Anjula’s own group, for example, works with the state government to make policy decisions that can make the city safer for women. “A lot of times, women face harassment in buses. We have given a policy document, a recommendation as to what steps are to be taken so that women can travel without any apprehension,” she says. The Directorate of Urban Land Transport (DULT) took their recommendations seriously and is implementing some of these policy decisions, Anjula adds.

It is not just policy recommendations that IISc scientists are helping with.
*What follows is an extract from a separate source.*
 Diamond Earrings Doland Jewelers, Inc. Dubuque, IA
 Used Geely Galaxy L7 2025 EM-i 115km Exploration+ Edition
Many of them have actively stepped out into the city to produce solutions for civic issues such as urban flooding, power supply interruptions, infrastructure collapse, and traffic congestion, working closely with government organisations.


Out on the streets

If there is one thing Bangalore’s visitors complain about, it is the city’s never-ending traffic woes. Fortunately, several scientists at IISc have been trying to develop solutions for such mobility challenges. IISc’s Centre for infrastructure, Sustainable Transportation and Urban Planning (CiSTUP), for example, has faculty members and students working on traffic congestion, public transport, and urban planning, as do researchers in the IISc Sustainable Transportation Lab of the Department of Civil Engineering (CiE) run by Ashish Verma.

“We are working on several projects with the authorities, including Metro master planning, feeder routes, and schedules for last-mile connectivity,” says Ashish. His lab’s partnership with the Bangalore Metropolitan Transport Corporation (BMTC), Ashish explains, has helped the agency rationalise bus routes and services, improve the reliability of public transport operation, and address safety issues in public transport. “In the last 14 years, we have worked on all aspects related to this area.”

Ashish and his team have long preached the virtues of focusing on last-mile connectivity and improving public transport infrastructure to help ease the city’s traffic woes. Their research shows that the city needs 80% of its daily commute to be via public transport. But expecting people to change their behaviour – switch from private vehicles – without improving footpaths and roads or offering better last-mile connectivity, is pointless, he explains. “Metro cannot come to your door.”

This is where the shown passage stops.